5. Im Gegensatz dazu stellt Trumps Politik gegenüber der Ukraine einen echten Bruch mit der „traditionellen“ Außenpolitik der USA dar, die auf einer energischen Opposition gegen den russischen Imperialismus beruhte. Der Versuch, mit Russland eine Einigung über den Ukraine-Krieg zu erzielen, die Europa und die Ukraine ausschließt, begleitet von der öffentlichen Demütigung Selenskys im Weißen Haus, markiert eine wichtige neue Stufe in der Spaltung zwischen den USA und den Hauptmächten Europas und zeigt, wie weit wir von der Bildung eines neuen „westlichen Blocks“ entfernt sind. Diese Trennung ist kein zufälliges Ereignis, sondern hat viel tiefere Wurzeln. Ein direkter Konflikt zwischen den USA und Europa zeichnete sich bereits in den 1990er Jahren im Jugoslawienkrieg ab, als Frankreich und Großbritannien Serbien unterstützten, Deutschland Kroatien und die USA Bosnien. In der heutigen Eskalation dieses Prozesses, in dem sich 2003 auch europäische Mächte wie Frankreich und Deutschland weigerten, den USA in den Irak-Krieg zu folgen, werden die USA zunehmend als neuer Feind angesehen, symbolisiert durch die Abstimmung der USA mit Weißrussland, Nordkorea und Russland gegen eine UN-Resolution vom 24. Februar 2025, die die russische Invasion verurteilt, und durch die offenen Drohungen, Kanada, Grönland und Panama notfalls mit militärischer Gewalt einzuverleiben. Zumindest werden die USA als unzuverlässiger Verbündeter wahrgenommen, was die europäischen Mächte dazu zwingt, sich zu einer Reihe von Krisentreffen zusammenzufinden, um zu beraten, wie sie ihre imperialistische „Verteidigung“ ohne den militärischen Schutzschirm der USA sichern können. Die tatsächlichen Spaltungen zwischen diesen Mächten – beispielsweise zwischen Regierungen, die von populistischen oder rechtsextremen Parteien geführt werden und Russland zugeneigt sind, und vor allem zwischen Frankreich und Deutschland im Kern der Europäischen Union – sollten jedoch als weiteres Hindernis für die Bildung eines stabilen europäischen Bündnisses nicht unterschätzt werden. Und die derzeitige US-Regierung wird sicherlich alles in ihrer Macht Stehende tun, um die Spaltungen zwischen den Ländern der EU zu vertiefen, die Trump ausdrücklich als eine Formation angegriffen hat, die gegründet wurde, um „die USA zu schikanieren“.

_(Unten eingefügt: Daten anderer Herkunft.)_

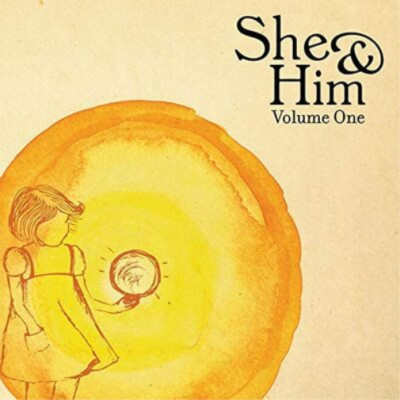 She & Him Volume One (CD) Album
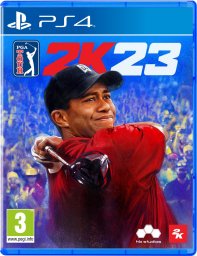  PGA Tour 2K23 PS4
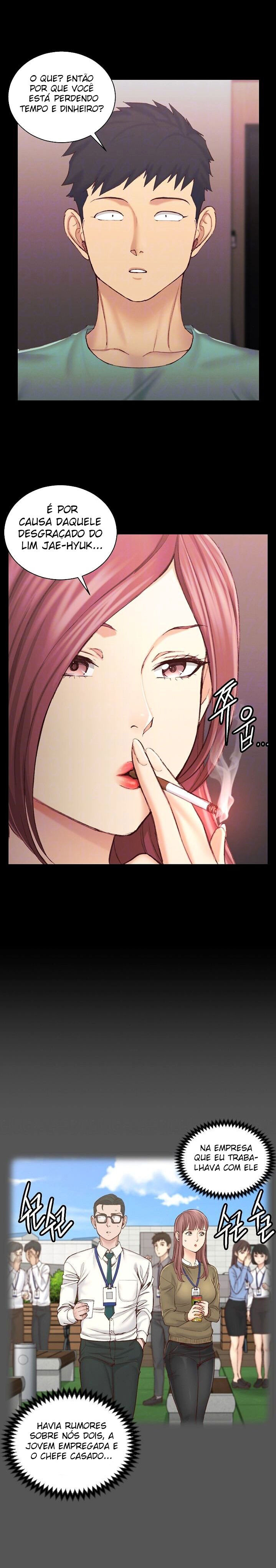 His Place Capitulo 136 - pagina 4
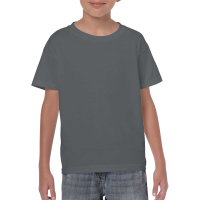 Heavy classic custom t-shirt for kids, Kid's T-shirts, Size: XS, Color: White, Size: XS, Color: Black, Size: XS, Color: rosu, Si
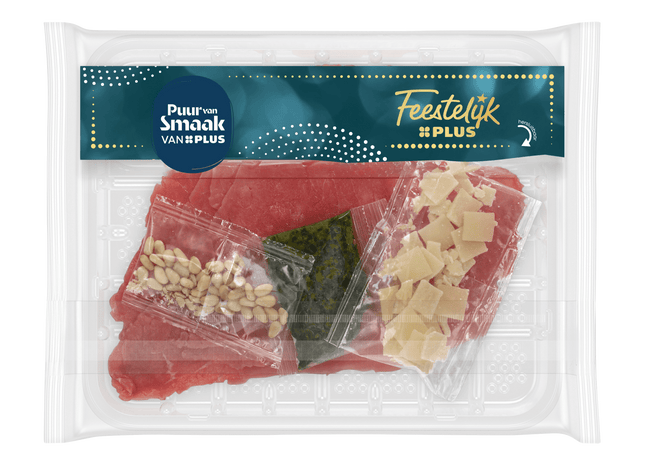 Puur van smaak Carpaccio Blonde d'Aquitaine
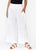 Crinkle Cotton Pant By Namastai - White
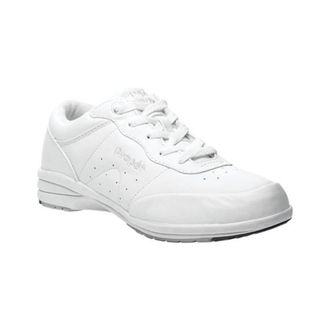 Prop&eacute;t Washable Walker W3840SWH Sneakers WomensWhite Leather Shoes ZOGG3413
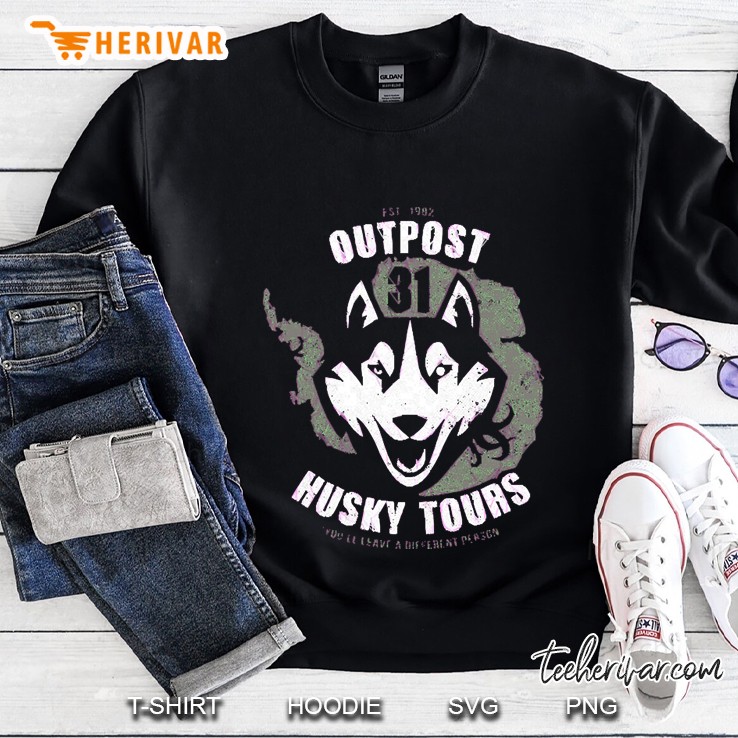 Outpost 31 Husky Tours Sweatshirt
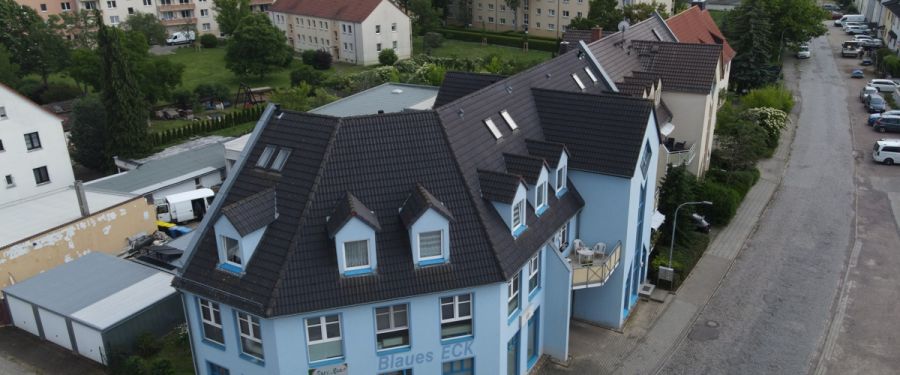 Gemütliche 1-Raumwohnung mit Balkon in ruhiger Lage von Merseburg-Süd - Foto 1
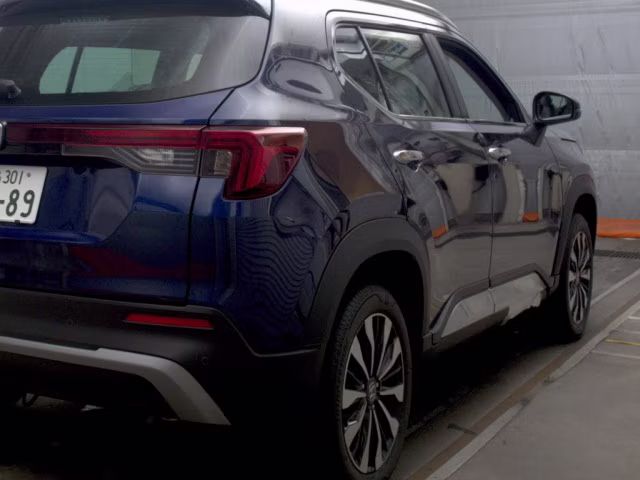 HONDA WR-V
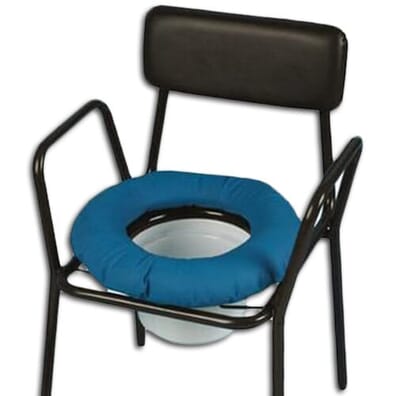 Ring Commode Seat Cushion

6. Gleichzeitig steht die Trump-Regierung in klarer Abkehr von der Politik der vorherigen US-Regierung und der wichtigsten europäischen Mächte, die eine „Zweistaatenlösung“ für den Konflikt in Israel/Palästina befürwortet haben. Die Trump-Regierung unterstützt offen die Annexionspolitik der rechten israelischen Regierung, indem sie Sanktionen gegen die gewalttätigen Aktionen der Siedler im Westjordanland aufhebt, Mike Huckabee – der erklärt, dass „Judäa und Samaria“ vor 3000 Jahren von Gott an Israel gegeben wurden – zum US-Botschafter in Israel ernennt und vor allem die ethnische Säuberung von fast zwei Millionen Palästinensern aus dem Gazastreifen fordert und die gesamte Region in ein Paradies für Immobilienspekulationen verwandeln will. Diese Politik, trotz ihrer starken Fantasieanteile, kann die Konflikte, die bereits eskalieren und sich im gesamten Nahen Osten ausbreiten, nur fortsetzen und verschärfen. Am deutlichsten wird dies im Jemen, im Libanon und in Syrien, wo der interne Krieg trotz des Sturzes des Assad-Regimes noch lange nicht vorbei ist und wo Israel immer tödlichere Luftangriffe fliegt, die allgemein als Warnung an die Türkei verstanden werden. Insbesondere der Blankoscheck, den Trump der Regierung Netanjahu ausgestellt hat, birgt auch die Wahrscheinlichkeit weiterer direkter Zusammenstöße zwischen Israel und dem Iran.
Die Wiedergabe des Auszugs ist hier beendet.